Com o objetivo de reduzir esse trajeto, uma ponte entre vítimas e a Justiça está sendo construída na esfera criminal estadual. Entende-se assim que, por se tratar de crime contra o patrimônio, os réus envolvidos no caso, para se livrar da denúncia criminal, tida no momento em que o Ministério Público toma conhecimento, acolhe e inicia o processo, optam em ressarcir as vítimas, nessa esfera consideradas os investidores, e não o sistema financeiro. Esse pode ser um caminho vantajoso pelo fato de poder resolver o imbróglio o mais breve possível.
Esse foi o caminho escolhido por um grupo de vítimas da Atlas Quantum em 5 de julho último, quando entregaram uma representação de notícia de fato criminal na Polícia Civil do Estado de São Paulo.
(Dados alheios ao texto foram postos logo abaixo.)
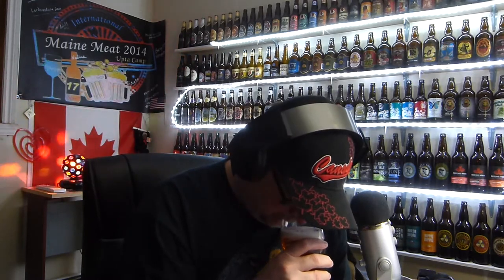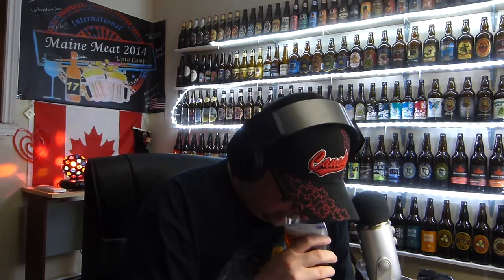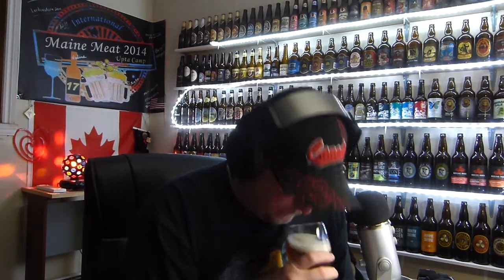Mmm, not bad for an aroma. The usual hop aroma, you know. Sweet grapefruit pine. That's about it for that. Let's give it a taste. Cheers.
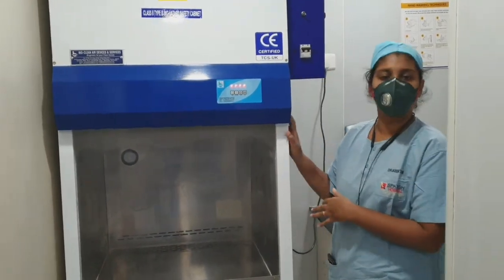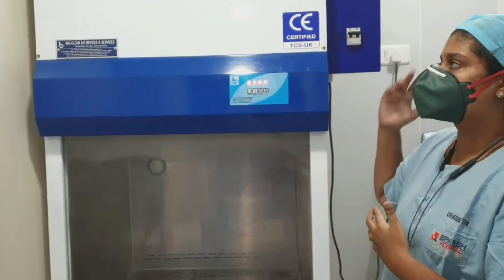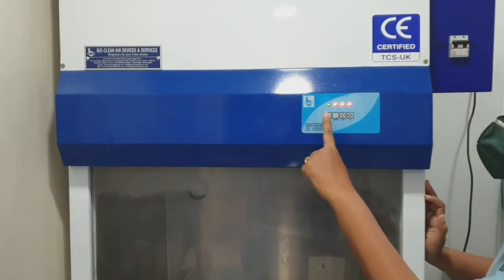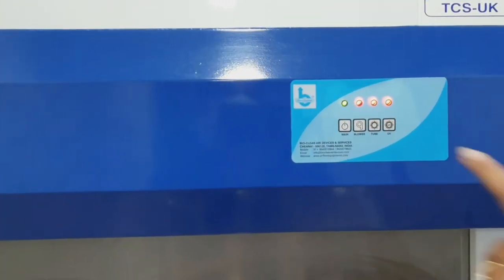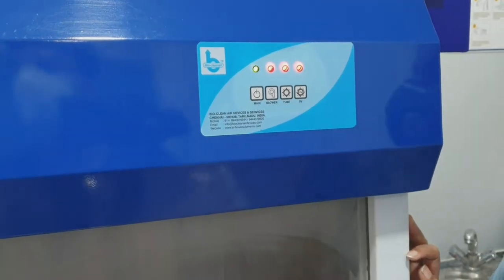This is the chemotherapy hood or the laminar hood. We will see how to turn it on, how is the exhaust and how is the inlet. This is the main button. You have to turn on the main, and this is the blower, this is the tube light, and this is the UV light.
O documento narra os fatos que configuram delitos contra o patrimônio, como também contra as relações de consumo e contra a economia popular, e é um passo importante para que a autoridade policial tome as providências legais no sentido de se averiguar se os relatos contêm o mínimo de indícios condizentes com o contexto fático e, a partir daí, desencadear o procedimento investigatório.
O caso da Atlas nesse grande esquema lesivo e ilegal de pirâmide financeira cada vez mais praticado no país é emblemático pela proporção das cifras alcançadas. Estima-se que Rodrigo Marques dos Santos teria vertido para sua esfera de disponibilidade a quantia de R$ 4 bilhões. Não há, assim, justificativa plausível ou que possa convencer ter a vultosa quantia desaparecido dos cofres ou contas mantidas sob a administração do grupo Atlas Quantum.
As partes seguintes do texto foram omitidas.